• **DATA**

┄┄┄┄┄┄┄┄┄┄┄┄┄┄┄┄┄┄┄┄

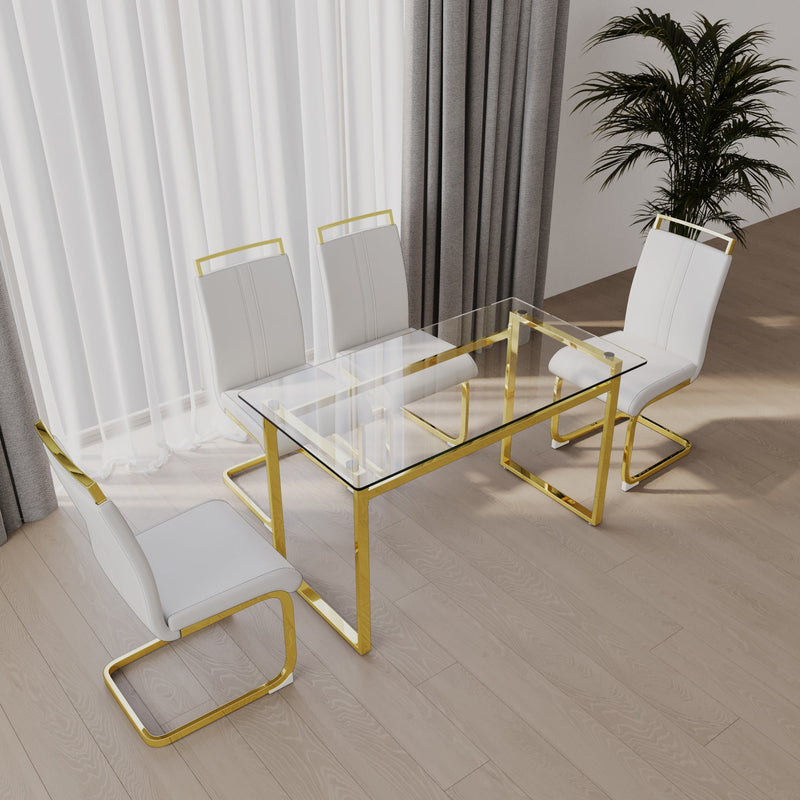 51 inch Glass Dining Table Set for 4, Dining Table & Chair Sets with Golden Plating Legs for Kitchen, Modern Rectangle Tempered Glass Table Top and PU Dining armless Chair for Dining Room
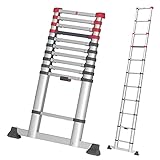 Hailo T80 FlexLine Alu Teleskopleiter | 11 Sprossen belastbar bis 150 kg | bis 3,22 m Leiterhöhe einstellbar | einzelne Sprossen ausfahrbar | farbige Verriegelungsanzeige | Quertraverse| silb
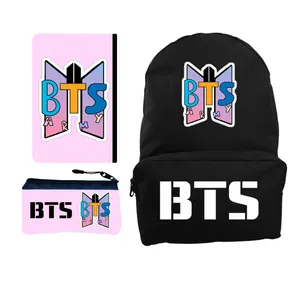 کوله پشتی مدل بی تی اس BTS  کد KP398 به همراه کلاسور و جامدادی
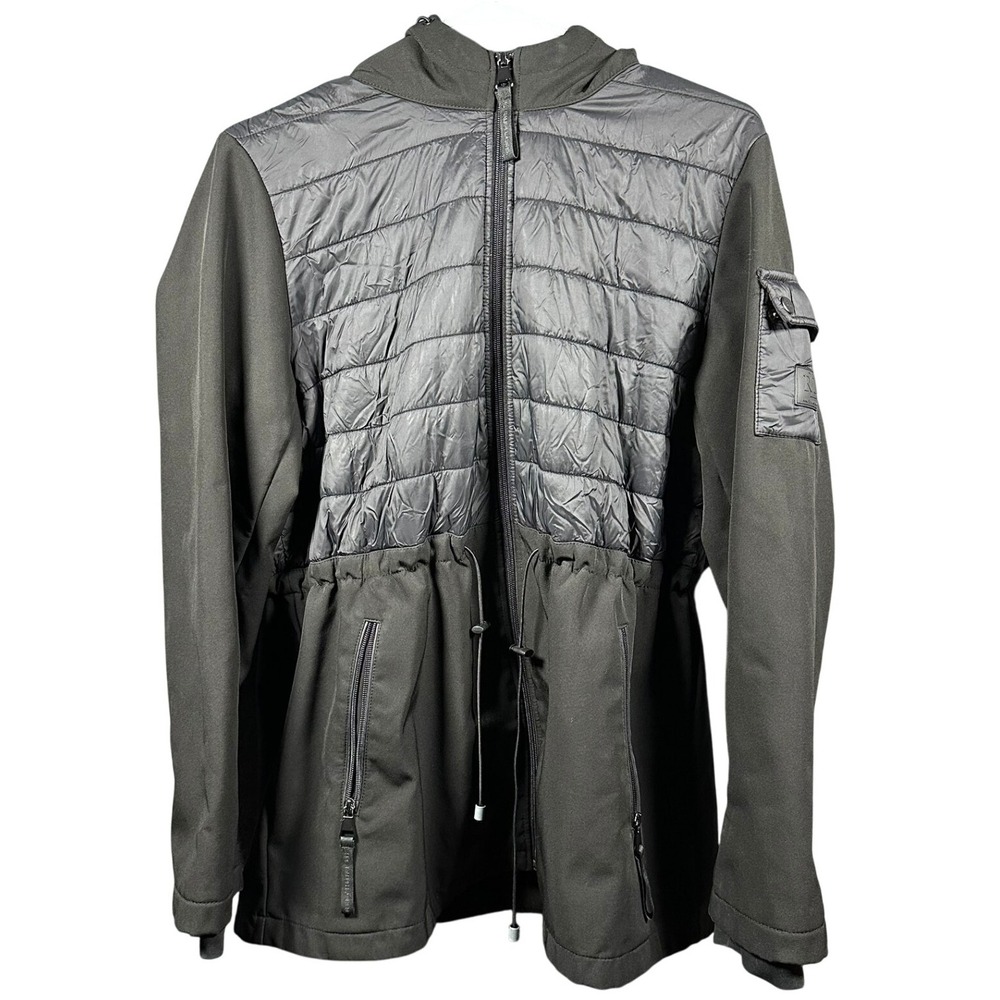 Lauren Ralph Lauren Women's Black Quilted Hybrid Zip Up Hooded Jacket Size L - Picture 2 of 12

┄┄┄┄┄┄┄┄┄┄┄┄┄┄┄┄┄┄┄┄

• **WORK REQUEST**
With the pictures removed from your copy, retype the lines above from the one that contains "Hailo T80 FlexLine" through the one that contains "کوله پشتی مدل", exactly.

• **WRITTEN SOLUTION**
 Hailo T80 FlexLine Alu Teleskopleiter | 11 Sprossen belastbar bis 150 kg | bis 3,22 m Leiterhöhe einstellbar | einzelne Sprossen ausfahrbar | farbige Verriegelungsanzeige | Quertraverse| silb
 کوله پشتی مدل بی تی اس BTS  کد KP398 به همراه کلاسور و جامدادی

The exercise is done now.